Pour un grand nombre de gens, quand on parle d'iris on évoque une fleur bleue. Bien que la notion d'iris soit aussi associée à celle d'arc-en-ciel, ce qui laisse à penser à une infinité de couleurs, il n'empêche que le bleu est le nom d'iris est synonyme de bleu. Ce rapprochement ne se fait pas par hasard. Dans un très grand nombre de jardin, mais aussi le long des routes et des chemins, au pied des murs, sous les fenêtres, la saison des iris est celle de la couleur bleue. Mais quand on dit bleu, c'est par métonymie, car on devrait plutôt parler des bleus et même des bleus et des violets. Au printemps dernier, en allant de chez moi au centre du village pour acheter mon pain, sur une soixantaine de pavillons et de maisons anciennes devant lesquels je suis passé, j'ai un jour compté trente-trois jardins où fleurissaient des iris bleus. De la même façon quand on admire un tableau où il y a des iris, ceux-ci sont le plus souvent bleus, à commencer par les fameux « Iris » de Vincent van Gogh.

La plupart de ces iris des jardins sont effectivement des iris que l'on peut qualifier de sauvages. Enfin, en réalité, ce sont des plantes retournées à la vie sauvage. On dit qu'elles se sont naturalisées. Car de véritables iris sauvages, il ne doit plus en exister.

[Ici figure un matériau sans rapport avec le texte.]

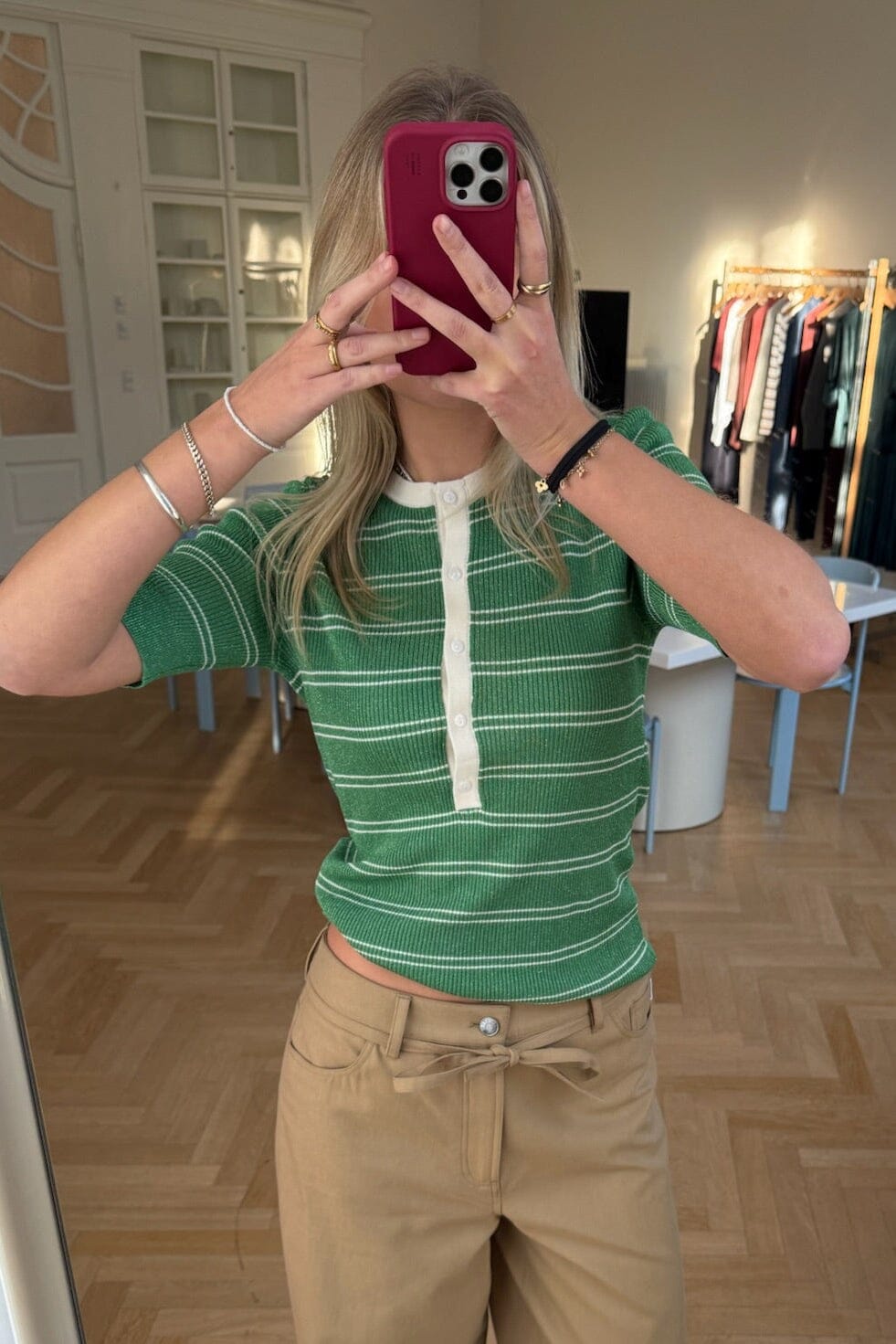 Modström - Pacificomd Ss Polo 58601 - 12036 - Medium Green Stripe Strikbluser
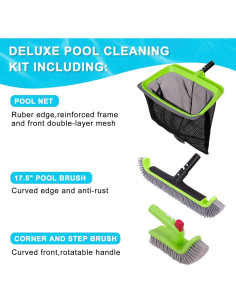 Kit de Limpieza de Piscina Sepetrel - Red de Skimmer y Cepillo 44.5 cm 2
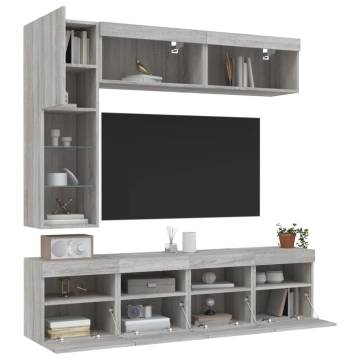  7 Piece TV Wall Cabinet Set with LED Lights Grey Sonoma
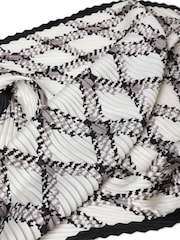 Aela Black Check Pleated Scarf - Image 3 of 3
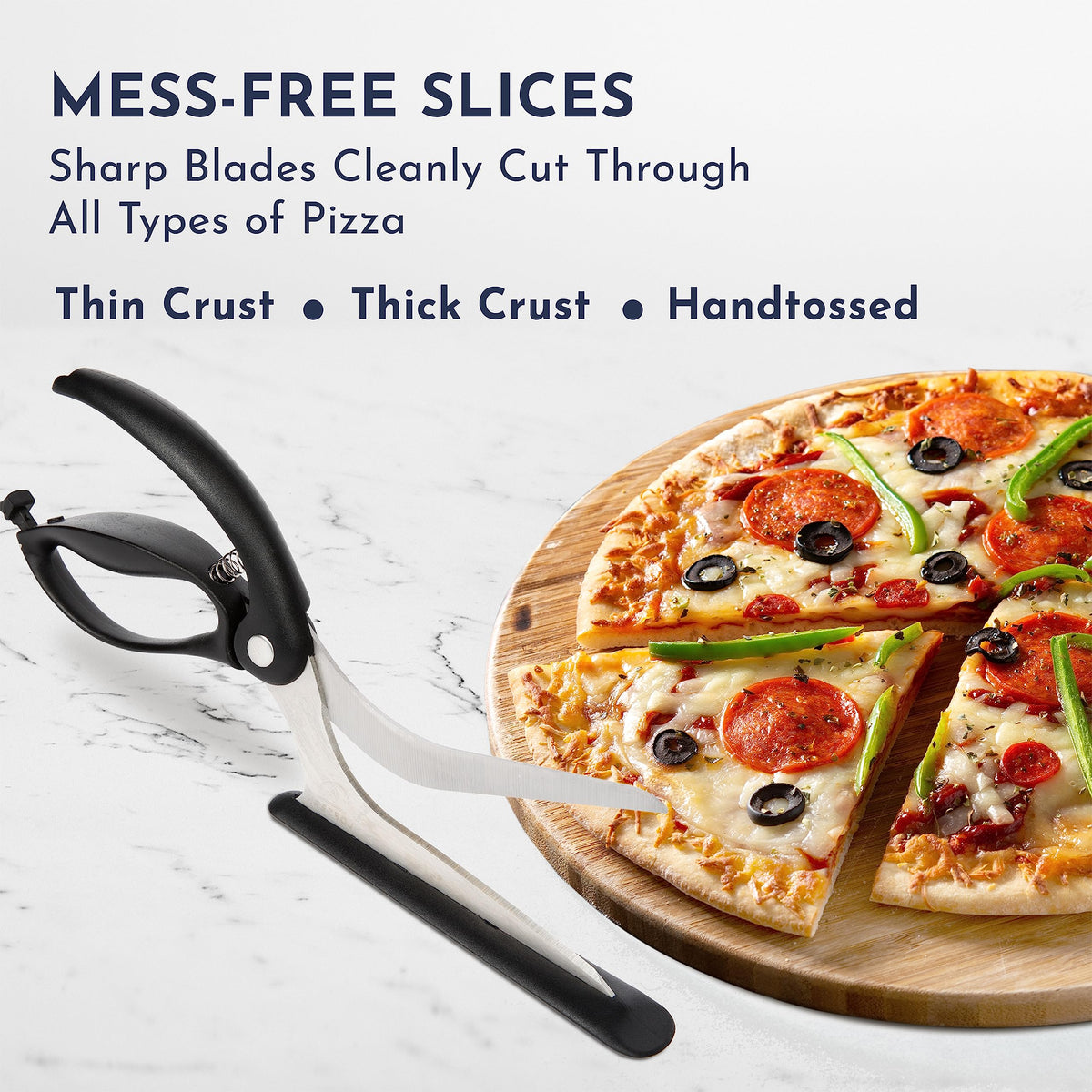 Loftern pizza scissors serving edge lifts slices neatly.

Ceux que nous côtoyons aujourd'hui ont un passé tumultueux : ils ne se sont pas faits en un jour. Ils existent certes dans les jardins depuis la nuit des temps, mais ceux que nous admirons aujourd’hui ne sont que les derniers aspects d’une évolution qui a commencé il y a très longtemps et qui a pris une tournure organisée quand des pépiniéristes fondus d’iris ont eu l’idée de sélectionner parmi les semis qu’ils effectuaient de graines issues de fécondations réalisées par les insectes, les plantes les plus belles et les plus originales. Ces plantes-là ont eu un large succès commercial et, comme c'est toujours le cas, une fois disposés dans les jardins par des amateurs qui n'avaient rien d'horticulteurs, ces derniers se sont empressé de perdre ou d'oublier les noms de ces iris, qui se sont à leur tours naturellement hybridés entre eux et avec les iris déjà en place. Voilà comment on passe de plantes précieuses à des plantes anonymes, d'autant plus bleues que les iris de cette couleur, manifestement plus vigoureux et prolifiques que les autres, ont supplantés sans pitié les plus fragiles. C'est toujours ce qui se passe quand on entend dire : « j'avais des iris de toutes les couleurs que j'avais achetés chez un pépiniériste réputé, mais ils ont dégénéré et maintenant je n'ai plus que des iris bleus ».

Les espèces à la base de nos iris des jardins étaient de couleur bleue – ou violette – et ce n'est pas l'apport des espèces levantines introduites à la fin du XIXe siècle qui ont fait changer les choses puisque ces iris étaient uniformément bleus, ou bleu violacé, ou de deux tons de bleu. Ils ont apporté aux iris autochtones des qualités qui leur manquaient, mais ils n'en ont pas changé les couleurs.

Il ne faut cependant pas conclure que si les iris que l'on voit sont bleus, se sont nécessairement des iris « ordinaires » ? car parmi les iris « de collection » les fleurs bleues sont nombreuses, très nombreuses.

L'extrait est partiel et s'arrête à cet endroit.